ASSIGNMENT. Emit the data below verbatim, stripping out any pictures.

DATASET.
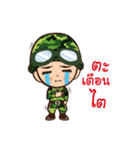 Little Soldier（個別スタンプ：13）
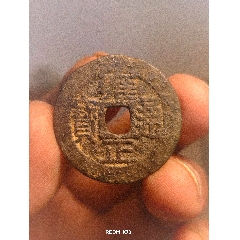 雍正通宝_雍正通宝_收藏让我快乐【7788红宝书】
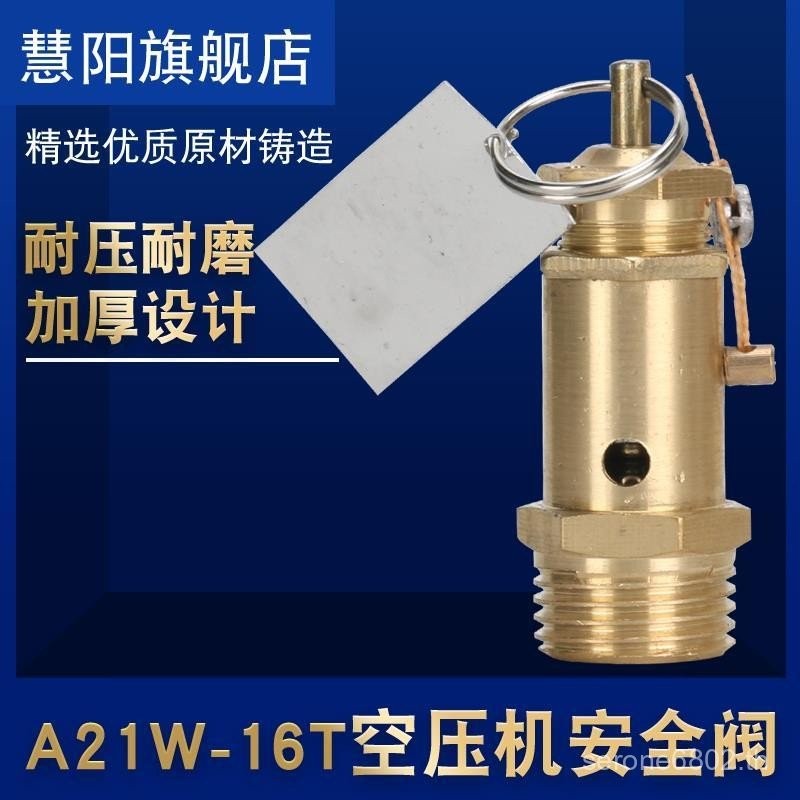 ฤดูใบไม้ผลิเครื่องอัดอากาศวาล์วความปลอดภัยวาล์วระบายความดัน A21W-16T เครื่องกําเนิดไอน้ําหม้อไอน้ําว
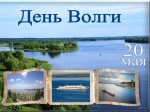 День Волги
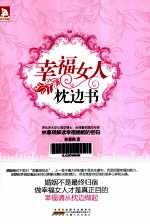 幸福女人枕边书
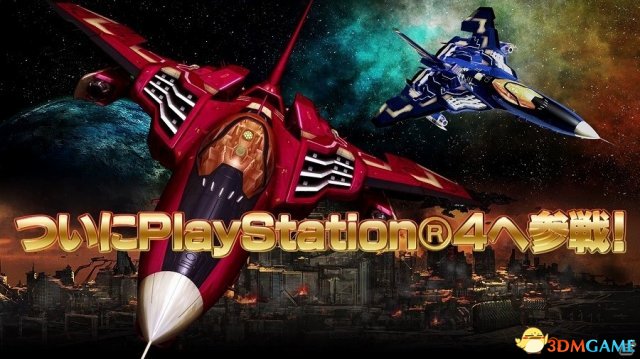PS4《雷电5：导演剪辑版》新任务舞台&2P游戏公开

EXERCISE SOLUTION.
 Little Soldier（個別スタンプ：13）
 雍正通宝_雍正通宝_收藏让我快乐【7788红宝书】
 ฤดูใบไม้ผลิเครื่องอัดอากาศวาล์วความปลอดภัยวาล์วระบายความดัน A21W-16T เครื่องกําเนิดไอน้ําหม้อไอน้ําว
 День Волги
 幸福女人枕边书
PS4《雷电5：导演剪辑版》新任务舞台&2P游戏公开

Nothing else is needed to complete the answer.